:: About this task ::
Each line below should be repeated exactly as written, with no pictures carried over.

:: Dataset extract ::
--------

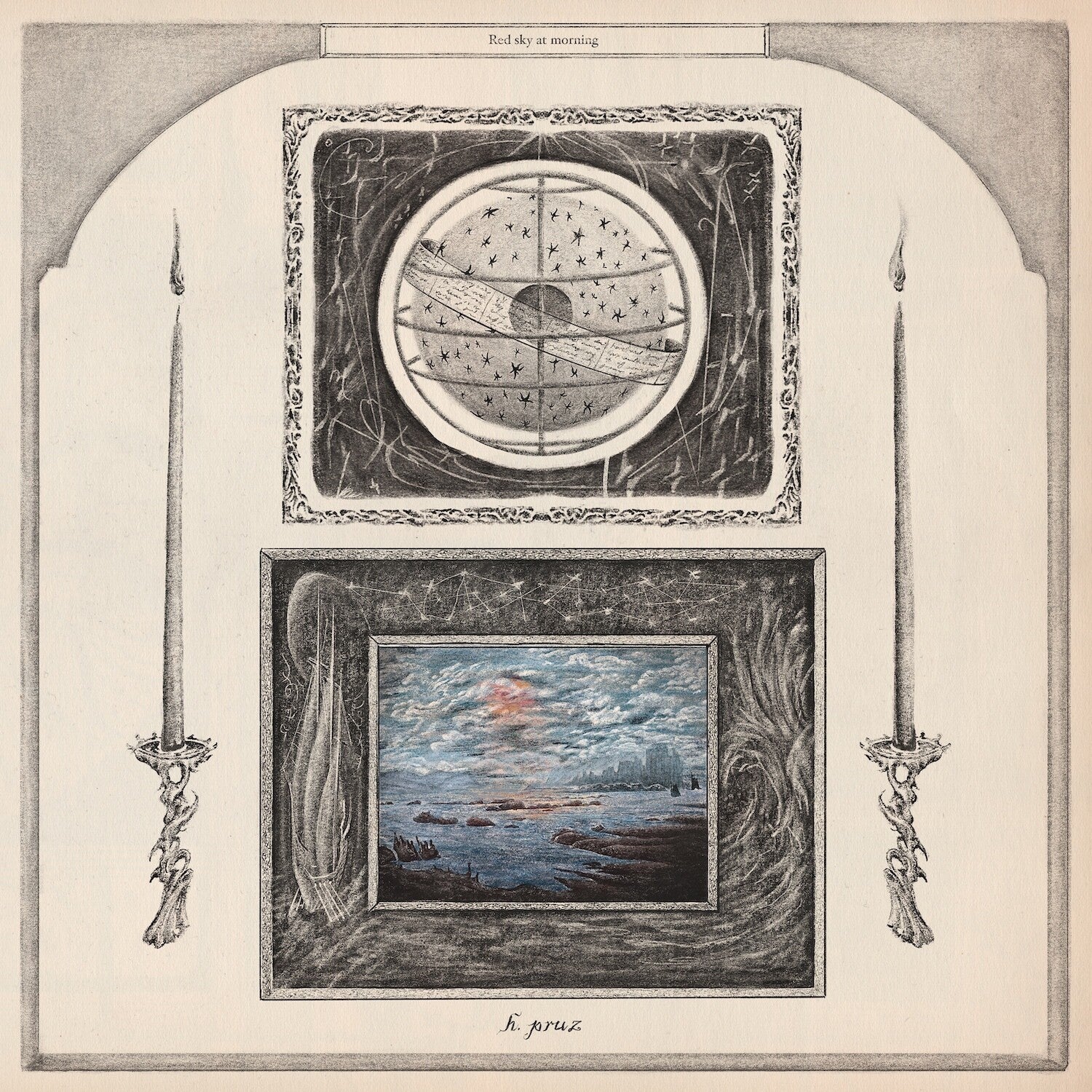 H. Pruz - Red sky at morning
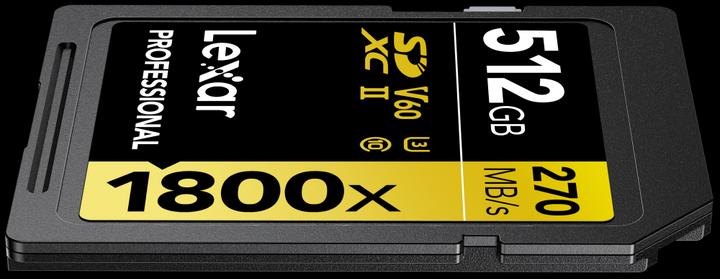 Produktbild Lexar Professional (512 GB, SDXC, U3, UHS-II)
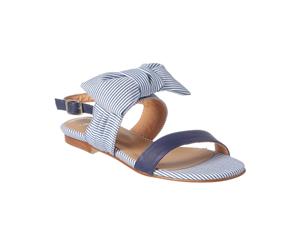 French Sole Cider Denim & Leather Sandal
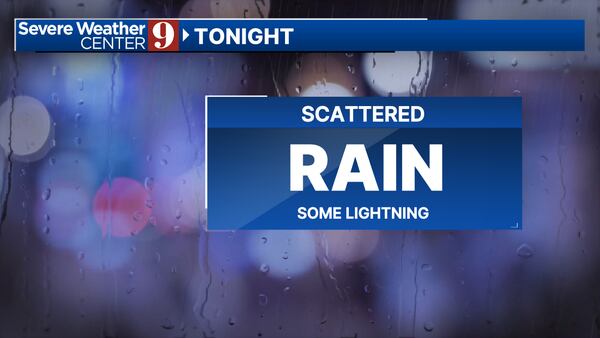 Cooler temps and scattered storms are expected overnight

--------

:: Result below ::
 H. Pruz - Red sky at morning
 Produktbild Lexar Professional (512 GB, SDXC, U3, UHS-II)
 French Sole Cider Denim & Leather Sandal
 Cooler temps and scattered storms are expected overnight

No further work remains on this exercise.